**What this task involves**
The result should hold only the lines from the one with "Gray Wool Polo Shirt" through the final line of the data below, transcribed exactly, pictures left out.

**Recorded data**
· · · ·
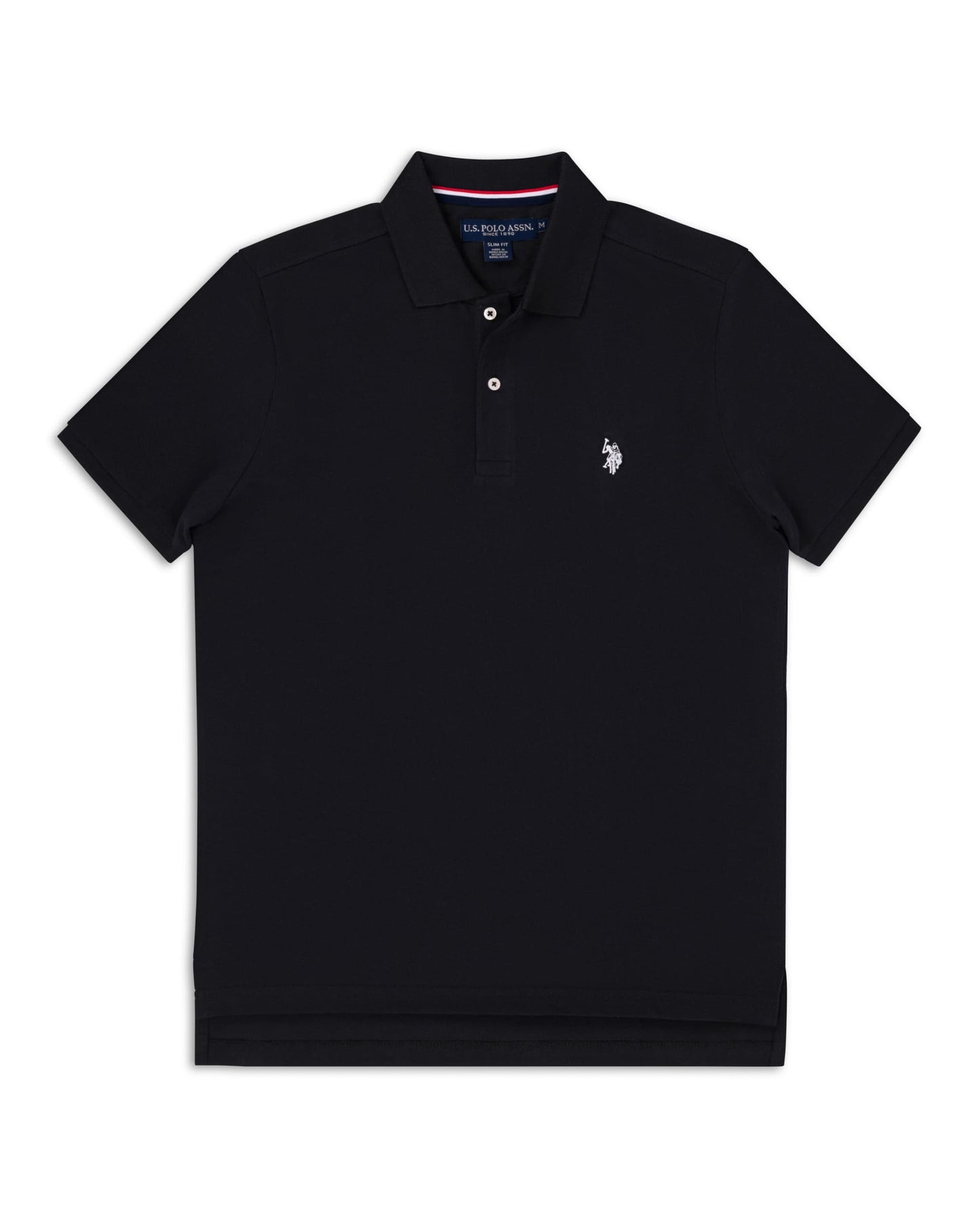 US Polo Assn Slim Fit Pique Polo Shirt in Black
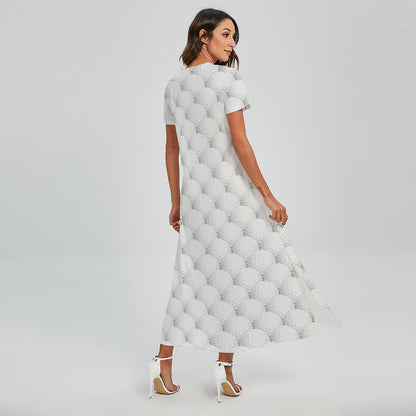 Golf Ball Pattern Print Short Sleeve Maxi Dress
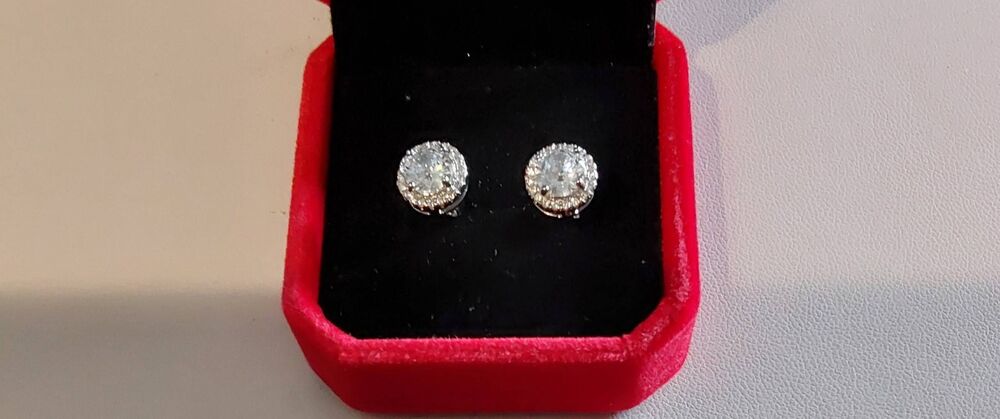 Elegant New Round Cut Halo Design Sim Diamond Stud Earrings~925 Sterling Silver
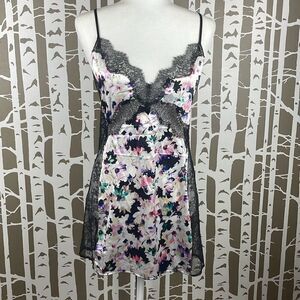 Victoria’s Secret Floral Print Satin and Lace Chemise Slip M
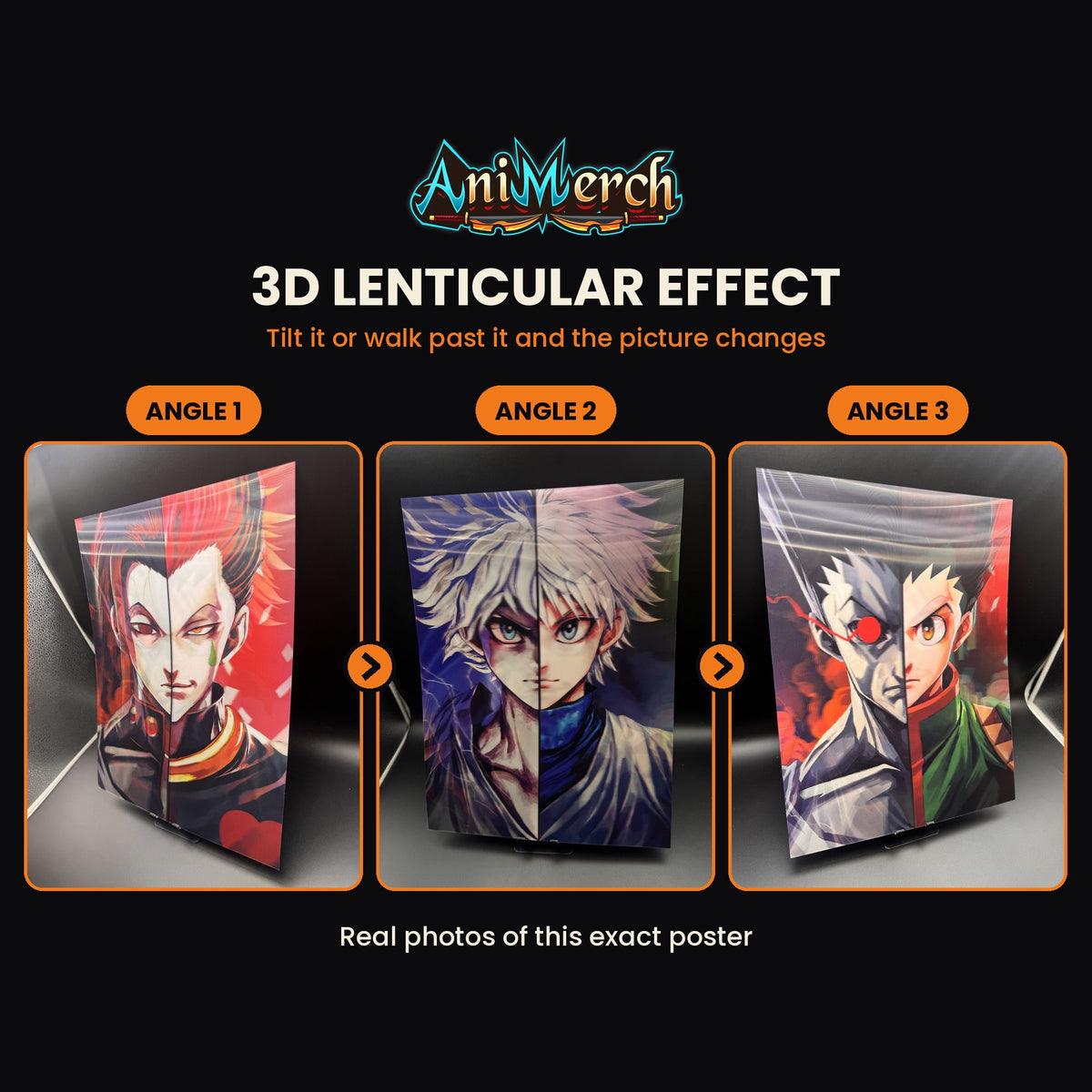 Hunter x Hunter 3D Lenticular Poster #42 shown at three angles, the picture changing as it tilts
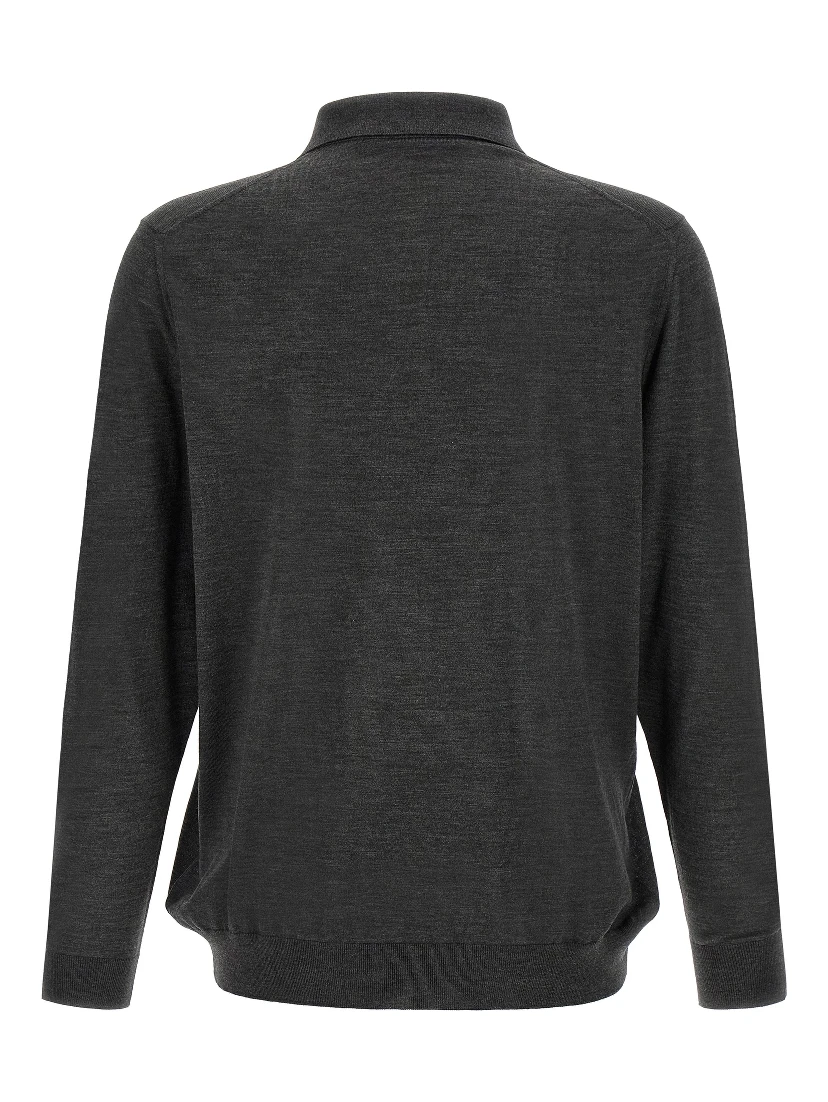 Gray Wool Polo Shirt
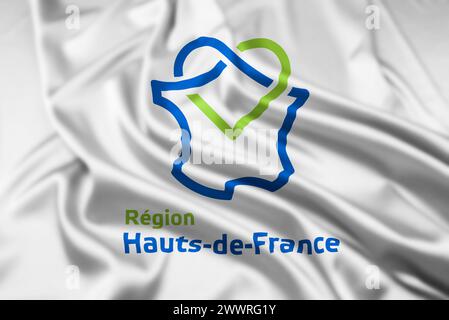 Le drapeau de la région française des hauts de France, avec un effet ondulé. Banque D'Images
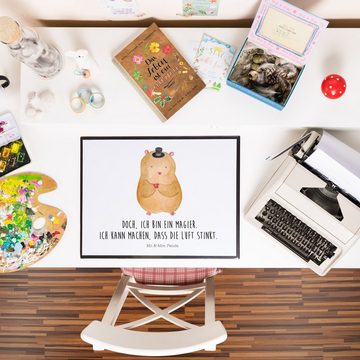 Mr. & Mrs. Panda Schreibtischunterlage Hamster Hut - Weiß - Geschenk, Gute Laune, Tiermotive, Schreibunterla, (1 tlg)
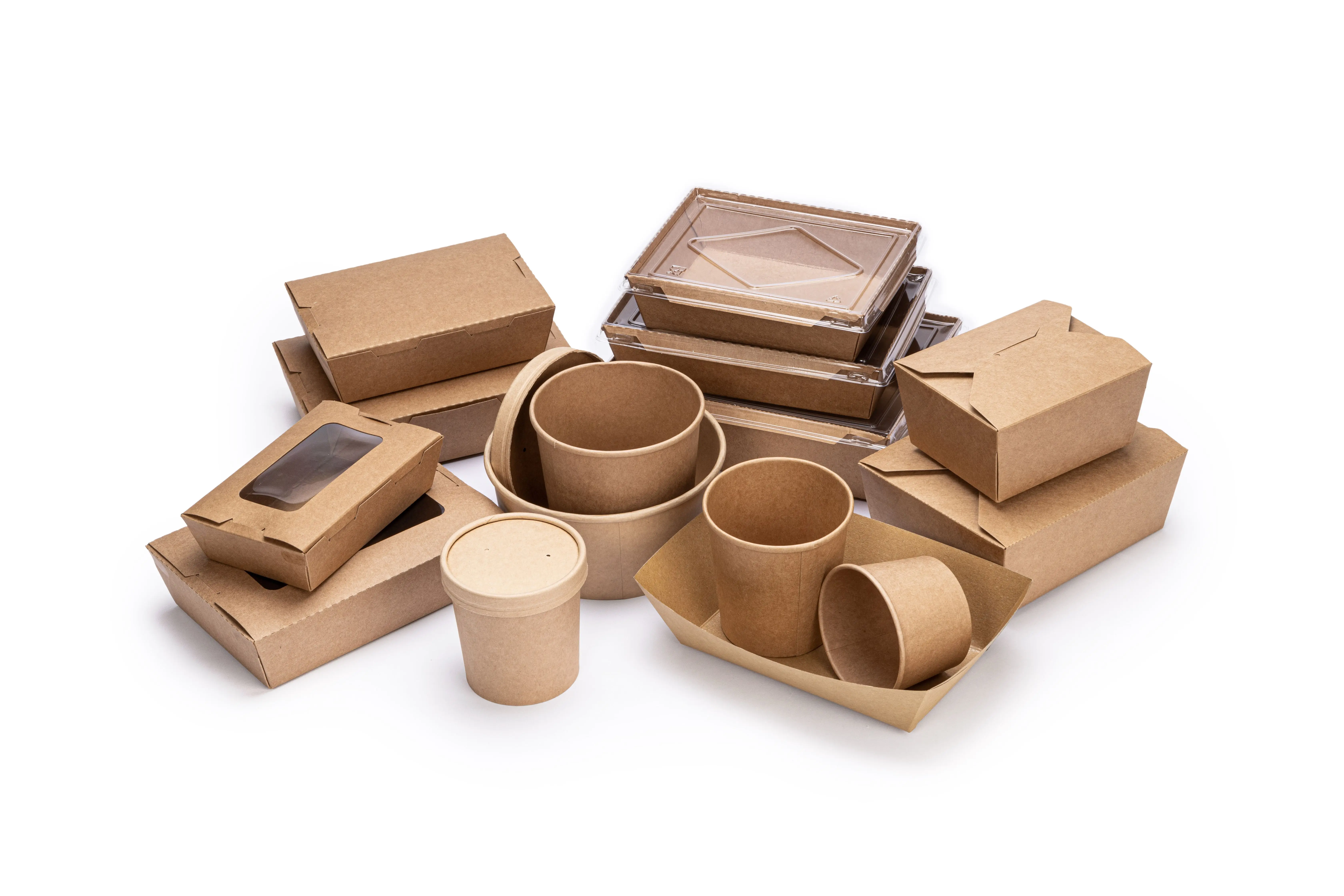 Recyclable materials China Wholesale Packaging Kraft Whiteboard Custom Logo Design Takeaway Disposable Food Paper Box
· · · ·
**Reply to the task**
 Gray Wool Polo Shirt
 Le drapeau de la région française des hauts de France, avec un effet ondulé. Banque D'Images
 Mr. & Mrs. Panda Schreibtischunterlage Hamster Hut - Weiß - Geschenk, Gute Laune, Tiermotive, Schreibunterla, (1 tlg)
 Recyclable materials China Wholesale Packaging Kraft Whiteboard Custom Logo Design Takeaway Disposable Food Paper Box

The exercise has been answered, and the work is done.